*** Opening of Provided records ***
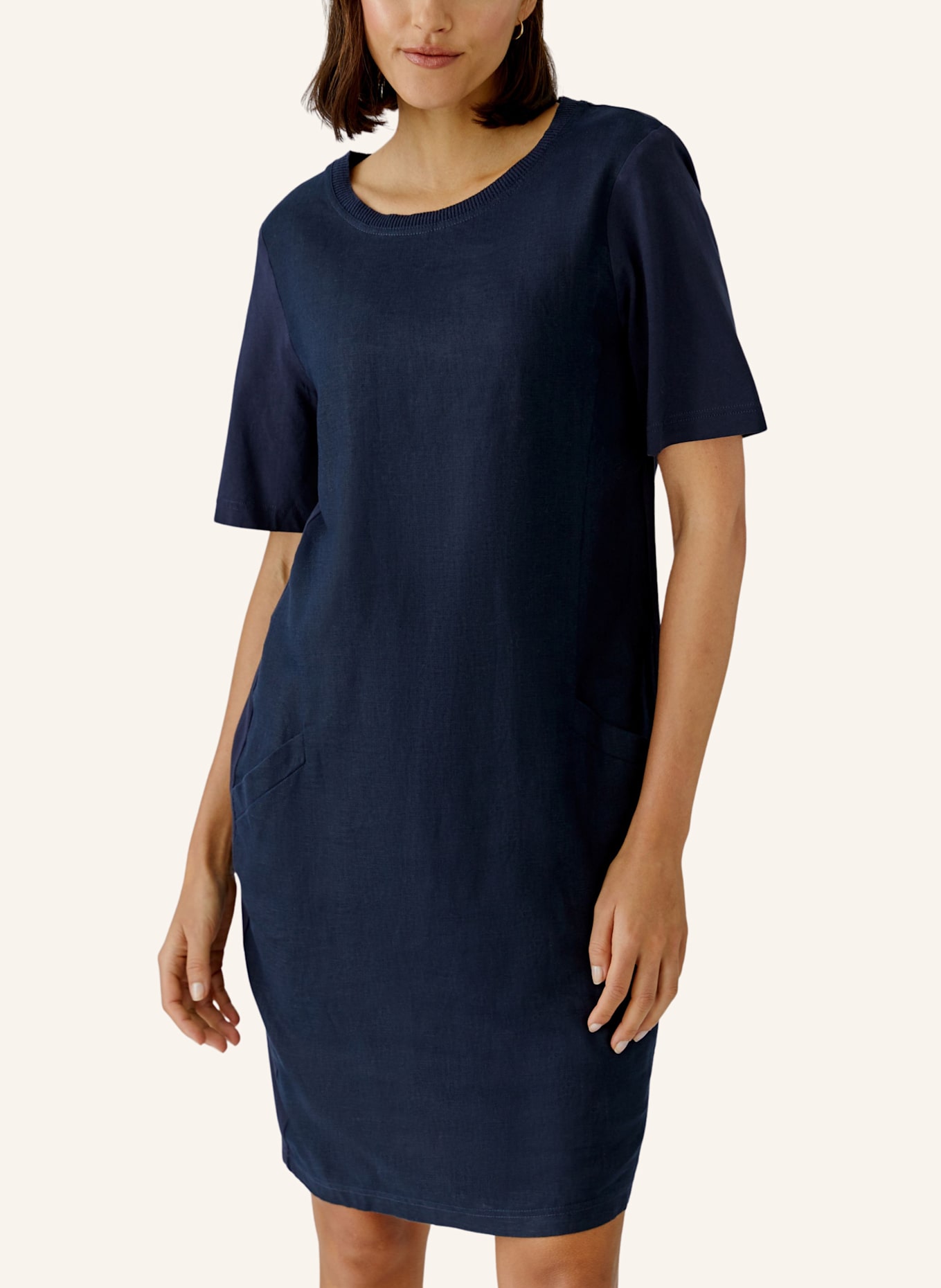 oui Kleid im Materialmix mit Leinen: BLAU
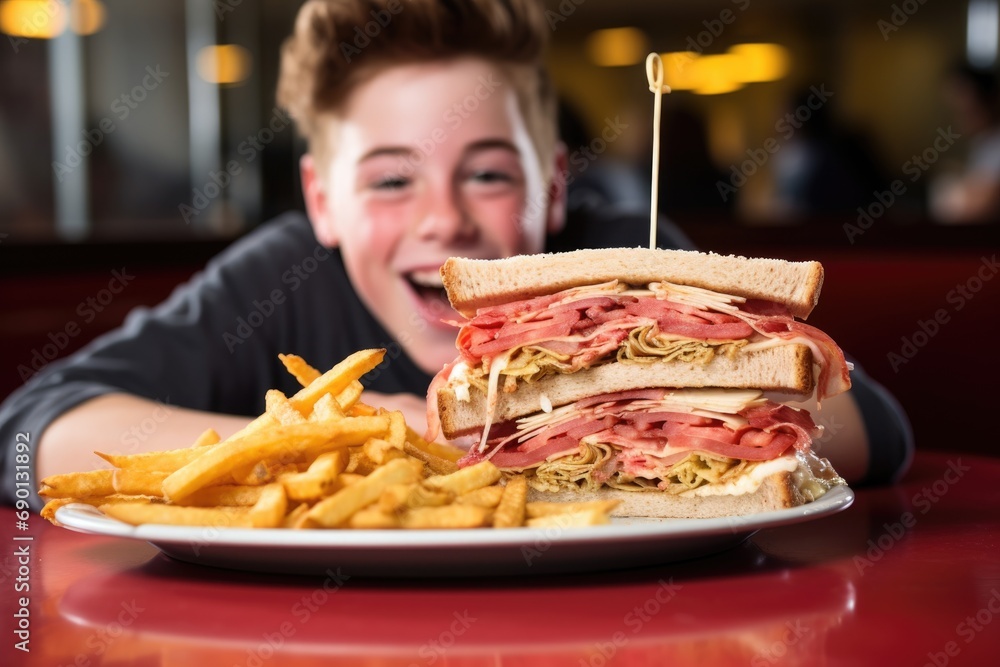 a teenager enjoying a reuben sandwich at a diner booth a teenager enjoying a reuben sandwich at a diner booth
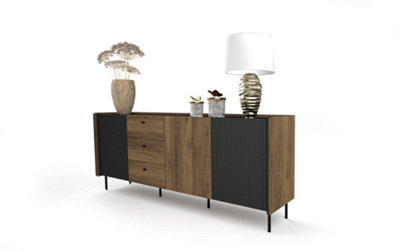 Prestigo Large Sideboard Cabinet - Spacious & Elegant in Oak Walnut & Black Matt, H790mm W2000mm D400mm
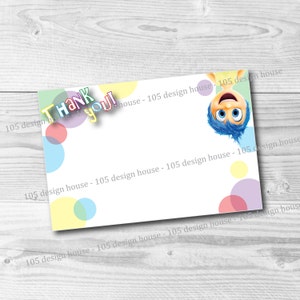 Inside Out Party Dankeskarte Printable 4x6 INSTANT DOWNLOAD - Druckbare Inside Out Dankeskarte - Inside Out Party druckbar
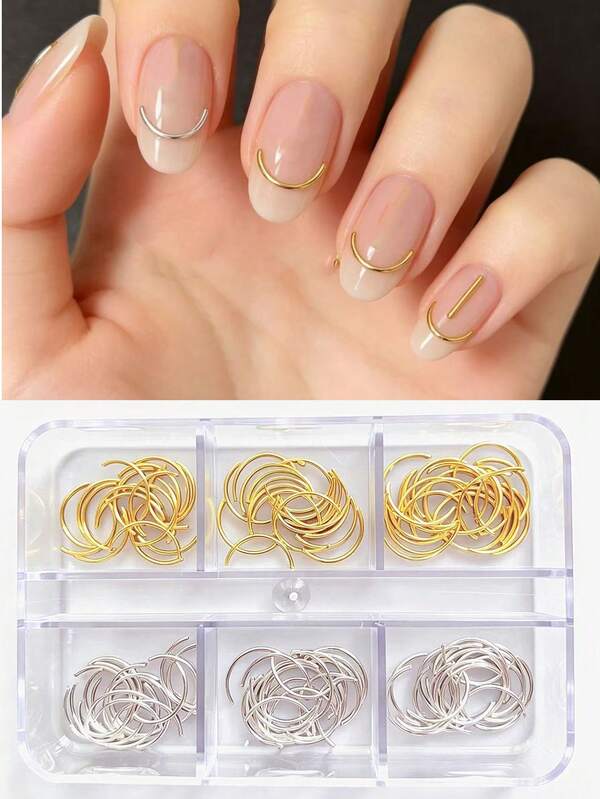 6-Grid Gold And Silver Mixed Color Curved Metal Nail Rivets, Minimalist C-Shaped Crescent Semi-Circular Metal Line Nail Accessories, Ultra-Fine Curved Geometric Metal Nails Patch Accessories, DIY Modern Ins Style Nail Art Decoration Accessories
*** Close of Provided records ***
■ Exercise directions: Your reply should consist solely of the lines above from the line containing "a teenager enjoying a reuben sandwich at a diner booth a" up to and including the line containing "Prestigo Large Sideboard", reproduced exactly, minus the pictures.

■ Expected answer:
 a teenager enjoying a reuben sandwich at a diner booth a teenager enjoying a reuben sandwich at a diner booth
 Prestigo Large Sideboard Cabinet - Spacious & Elegant in Oak Walnut & Black Matt, H790mm W2000mm D400mm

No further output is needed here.